Leaves ovate to elliptic or lanceolate, acute or acuminate, cuneate or rounded at base, sharply serrate with appressed glandular teeth, and often slightly 3-lobed, when they unfold pubescent on the lower and puberulous on the upper surface, at maturity thick and firm, dark green and glabrous above, pale and pubescent or glabrous below, 1′—4′ long, ½′—1½′ wide, with a prominent midrib and primary veins and conspicuous reticulate veinlets; before falling in the autumn turning bright orange and scarlet; petioles stout, rigid, pubescent, 1′—1½′ in length; stipules narrowly lanceolate, acute, ½′—¾′ long; leaves at the end of vigorous shoots ovate to obovate, acuminate, often 3-lobed above the middle, rounded or cuneate at base, 2½′—3½′ long and wide, with petioles often 2′ in length. Flowers ¾′ in diameter on slender pubescent or glabrous pedicels, ½′—¾′ long, in short many-flowered clusters; calyx-tube deciduous from the mature fruit, glabrous, puberulous or tomentose, the lobes rather longer than the tube, minutely apiculate, glabrous or tomentose, hoary-tomentose on the inner surface; petals orbicular to obovate, erose or undulate on the margins, abruptly contracted into a short claw, ¼′ wide, white or rose color; styles 2—4, glabrous. Fruit obovoid-oblong, ½′—¾′ long, yellow-green, light yellow flushed with red or sometimes nearly red; flesh thin and dry.

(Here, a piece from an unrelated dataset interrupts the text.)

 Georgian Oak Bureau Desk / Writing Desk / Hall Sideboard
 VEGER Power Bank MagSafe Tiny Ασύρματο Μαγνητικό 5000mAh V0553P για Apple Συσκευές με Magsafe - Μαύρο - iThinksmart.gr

A tree, 30°—40° high, with a trunk 12′—18′ in diameter, and slender branchlets coated at first with long pale hairs soon deciduous or persistent until the autumn, becoming bright red and lustrous, and later dark brown, and marked by minute remote pale lenticels; often a shrub with numerous slender stems. Winter-buds 1/16′ long, chestnut-brown, the inner scales at maturity lanceolate, usually bright red, and nearly ½′ in length. Bark ¼′ thick, and covered by large thin loose light red-brown plate-like scales. Wood heavy, hard, close-grained, light brown tinged with red, with lighter colored sapwood of 20—30 layers of annual growth; used for mallets, mauls, the handles of tools, and the bearings of machinery. The fruit has a pleasant subacid flavor.
Distribution. Deep rich soil in the neighborhood of streams, often forming almost impenetrable thickets of considerable extent; Aleutian Islands southward along the coast and islands of Alaska and British Columbia to Sonoma and Plumas Counties, California; of its largest size in the valleys of western Washington and Oregon.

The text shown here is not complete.